-- Exercise requirements --
Would you repeat each line below exactly, without the pictures?

-- Materials provided --
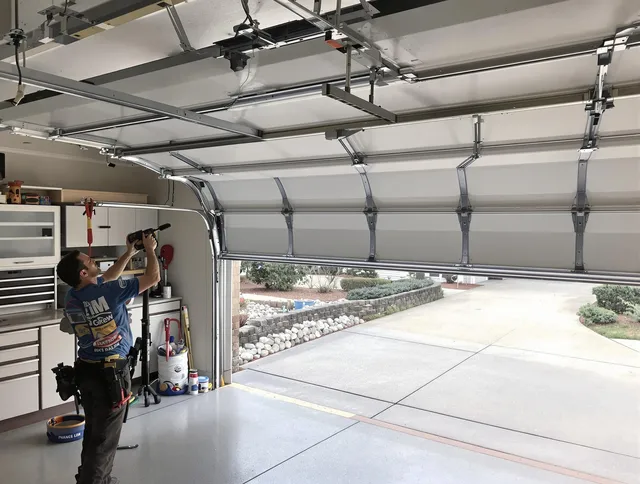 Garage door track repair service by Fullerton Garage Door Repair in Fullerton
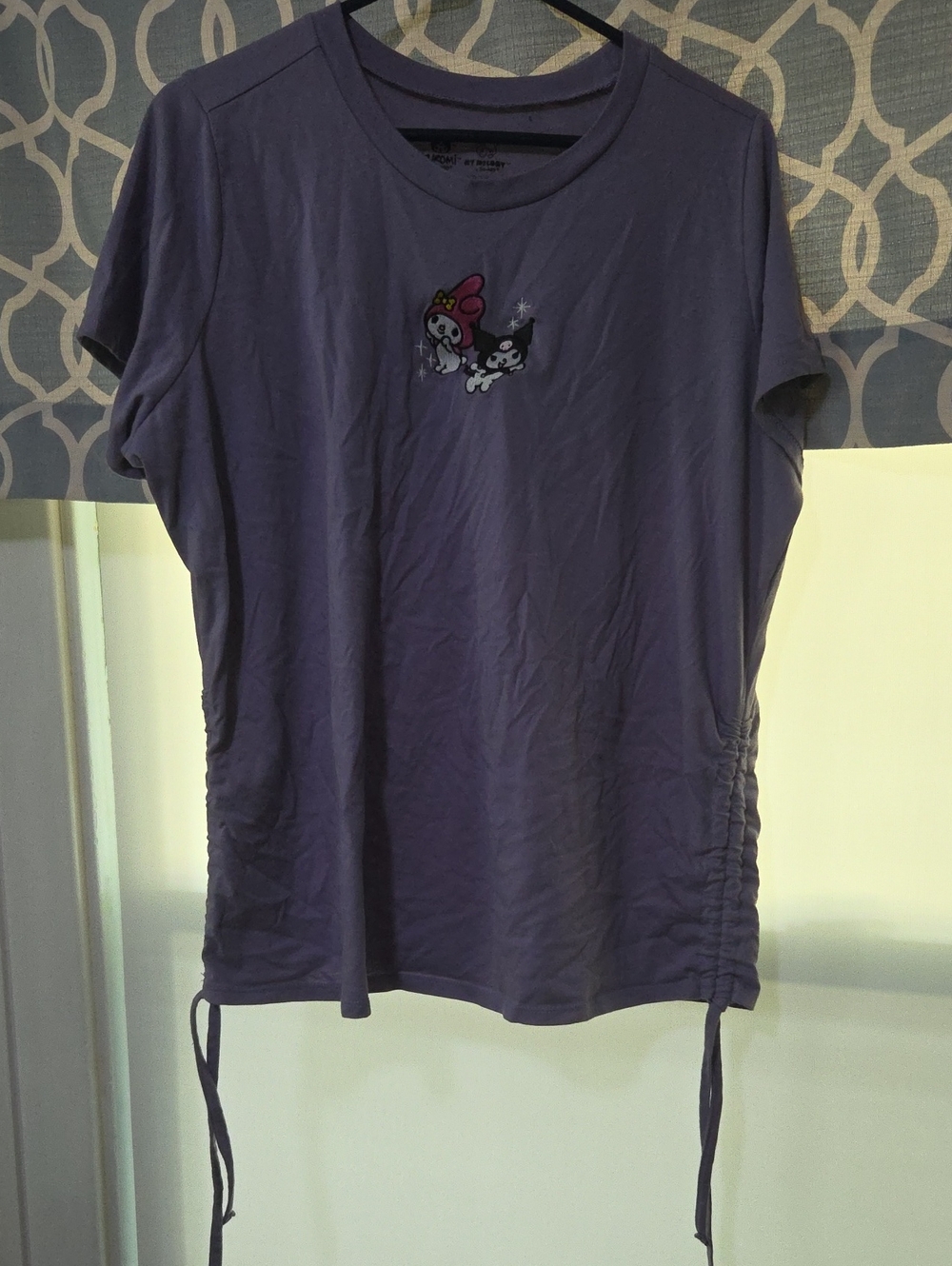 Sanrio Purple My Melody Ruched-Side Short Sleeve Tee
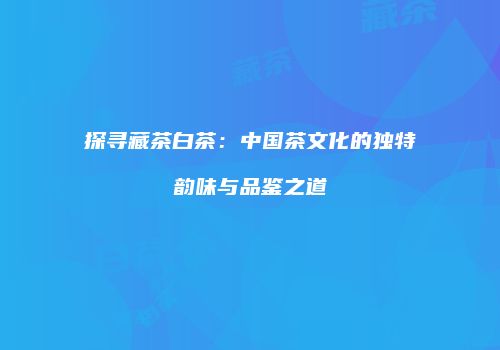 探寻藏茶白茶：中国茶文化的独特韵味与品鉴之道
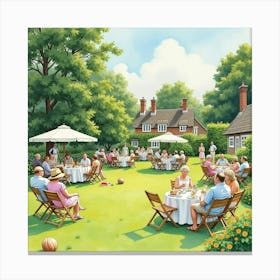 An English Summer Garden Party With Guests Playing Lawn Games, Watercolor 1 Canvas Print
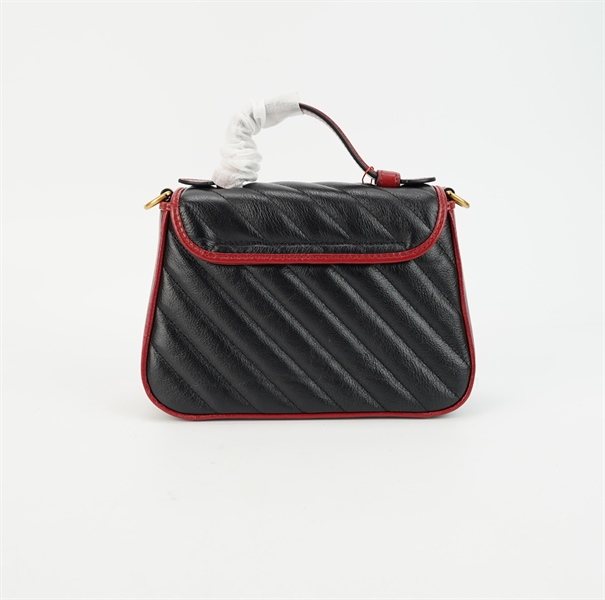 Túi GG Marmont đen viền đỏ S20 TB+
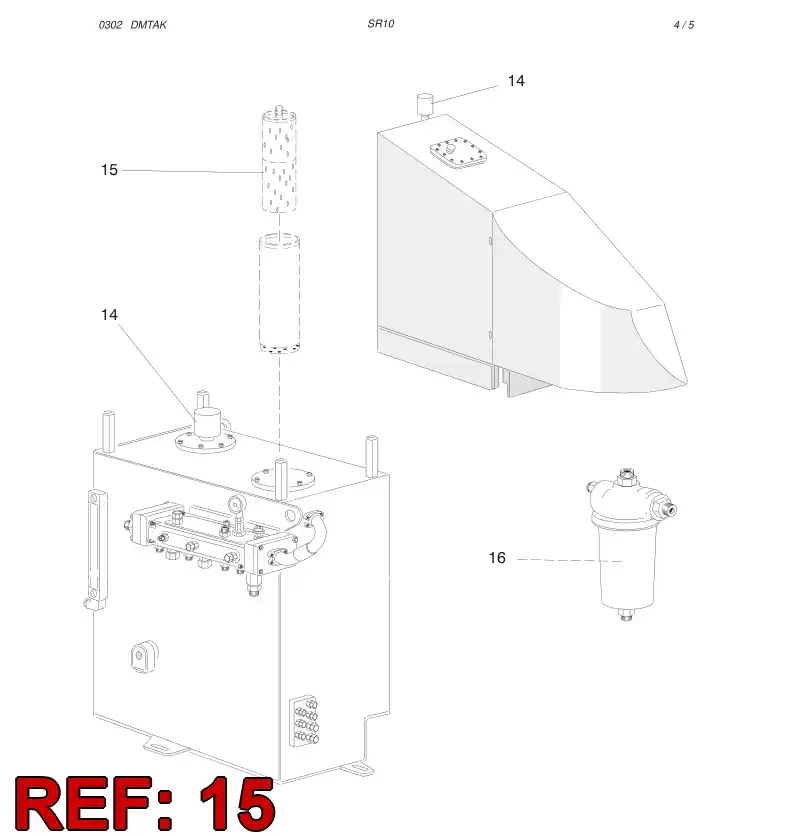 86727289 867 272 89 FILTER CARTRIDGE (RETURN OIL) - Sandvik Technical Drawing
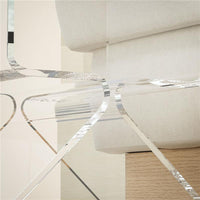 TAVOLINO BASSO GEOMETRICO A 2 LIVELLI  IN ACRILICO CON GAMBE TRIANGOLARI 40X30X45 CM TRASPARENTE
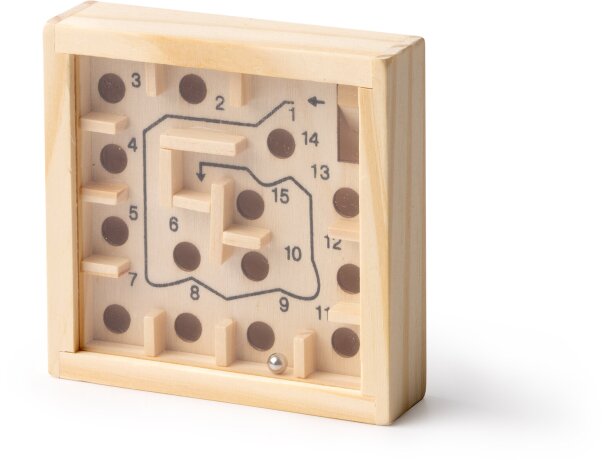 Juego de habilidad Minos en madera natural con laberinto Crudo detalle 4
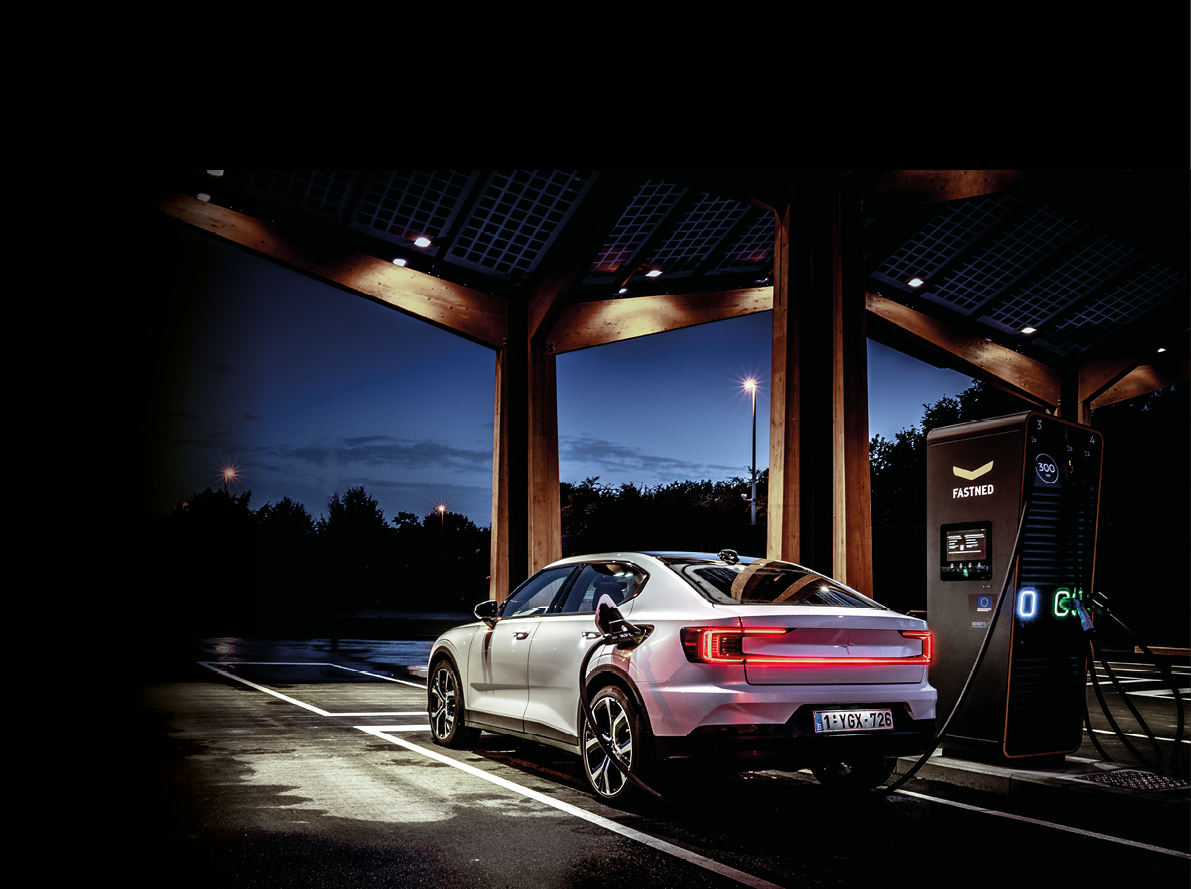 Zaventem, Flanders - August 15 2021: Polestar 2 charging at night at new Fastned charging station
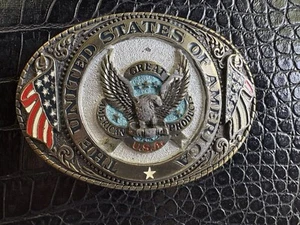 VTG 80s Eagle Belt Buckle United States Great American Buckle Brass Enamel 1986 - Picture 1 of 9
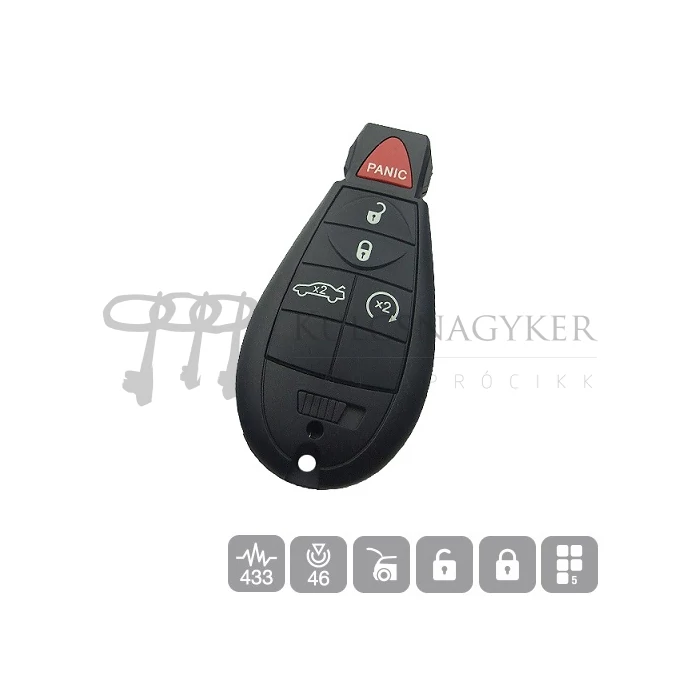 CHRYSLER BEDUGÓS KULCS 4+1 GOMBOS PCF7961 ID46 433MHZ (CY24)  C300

-- Solution to this problem --
 Garage door track repair service by Fullerton Garage Door Repair in Fullerton
 Sanrio Purple My Melody Ruched-Side Short Sleeve Tee
 探寻藏茶白茶：中国茶文化的独特韵味与品鉴之道
 An English Summer Garden Party With Guests Playing Lawn Games, Watercolor 1 Canvas Print
 Túi GG Marmont đen viền đỏ S20 TB+
 86727289 867 272 89 FILTER CARTRIDGE (RETURN OIL) - Sandvik Technical Drawing
 TAVOLINO BASSO GEOMETRICO A 2 LIVELLI  IN ACRILICO CON GAMBE TRIANGOLARI 40X30X45 CM TRASPARENTE
 Juego de habilidad Minos en madera natural con laberinto Crudo detalle 4
 Zaventem, Flanders - August 15 2021: Polestar 2 charging at night at new Fastned charging station
 VTG 80s Eagle Belt Buckle United States Great American Buckle Brass Enamel 1986 - Picture 1 of 9
 CHRYSLER BEDUGÓS KULCS 4+1 GOMBOS PCF7961 ID46 433MHZ (CY24)  C300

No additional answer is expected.